A Consumer is defined as “an individual acting for purposes that are wholly or mainly outside that individual’s trade, business, craft or profession”. Consumers must be treated fairly at all times, and when dealing with them your terms and conditions must be transparent, fair and in plain English.  There are various pieces of legislation which state this including the Consumer Rights Act 2015 and the Consumer Protection from Unfair Trading Regulations 2008.  A term in a Consumer contract or notice is unfair if it creates a significant imbalance in the rights of the parties, to the detriment of the Consumer, and is contrary to a requirement of good faith. This test applies to all terms except those setting the price or describing the main subject matter of the contract.  However, all written terms must be transparent and in plain and intelligible language, to ensure that Consumers can make an informed choice about whether or not to enter the contract.  The Act makes certain terms automatically unfair (the "black list") and provides a number of examples of terms that might be unfair (the "grey list"). The Competition and Markets Authority has produced detailed guidance

When it comes to business to business (B2B) contracts, there is much less emphasis on the general principle of fairness, and the starting point will always be the wording of the contract itself. However, there is a piece of legislation called the Unfair Contract Terms Act 1977 (UCTA) which does allow for certain clauses in B2B contracts to be challenged. Despite the name of the legislation in fact the only types of clauses which can be challenged under UCTA are those purporting to limit (limitation clauses) or exclude liability (exclusion clauses).

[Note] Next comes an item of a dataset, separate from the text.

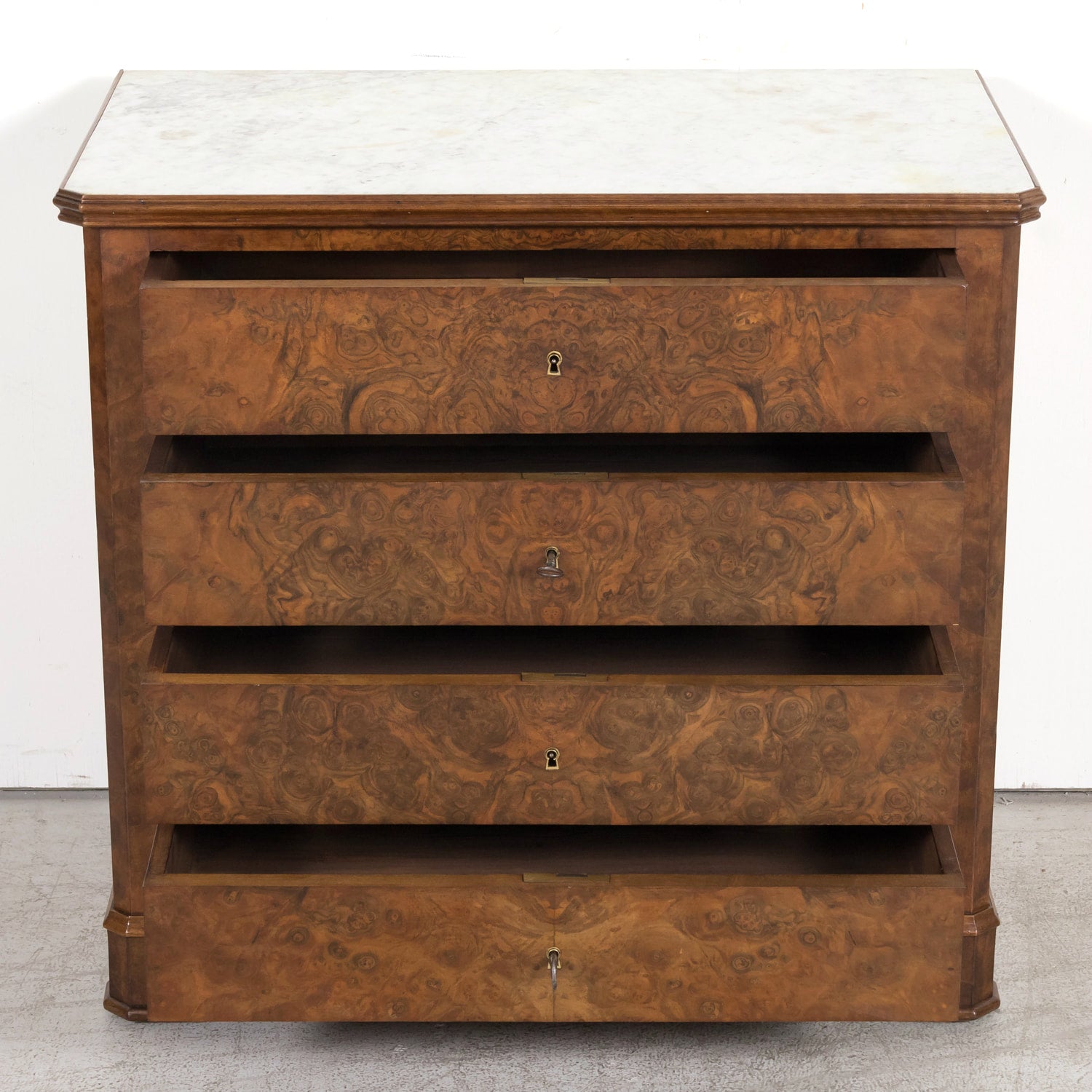 19th Century French Louis Philippe Period Petite Burled Walnut Commode with Inset Marble Top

UCTA states that a clause that limits liability for death or personal injury as a result of negligence is ineffective. In addition, it makes limitation and exclusion clauses capable of challenge and subject to a test of reasonableness. There are various factors which determine whether a clause is reasonable, and these include (amongst others):

  • The size and bargaining position of the parties
  • The parties’ ability to insure against the limited/excluded liability
  • The breadth/scope of the limitation/exclusion
  • The amount involved/excluded
  • Are the T+Cs standard or non-negotiable terms?
  • Has legal advice been obtained?

In a recent case, regarding a B2B contract, the High Court found in favour of the defendant (D), who had counterclaimed against the claimant (C).  D’s argument was that an exclusion clause in the contract meant that C’s "loss of profit" could not be claimed.

There were in fact two contracts, both with an identical exclusion clause excluding D’s liability for breach of contract which fell into certain categories, one of which being "loss of profit". C argued, under UCTA, that the contracts formed part of D's written standard terms of business and the exclusion clause did not meet the requirement of "reasonableness". The judge felt the contract used was not the standard terms of business under UCTA, and for UCTA to apply the standard terms need to be "effectively untouched". Here extensive negotiations had taken place, involving email exchanges and calls, and both parties had access to legal advice. The court felt that material changes had been made to the standard terms, even though the exclusion clause itself was not altered.

The judge emphasised that in each and every case it is always a question of both the specific wording of the clause, and the factual background, as to whether the exclusion clause covers the breach or the loss in question. Here the judge felt the exclusion clause was both clear and unambiguous, and the words "loss of profit" meant just that.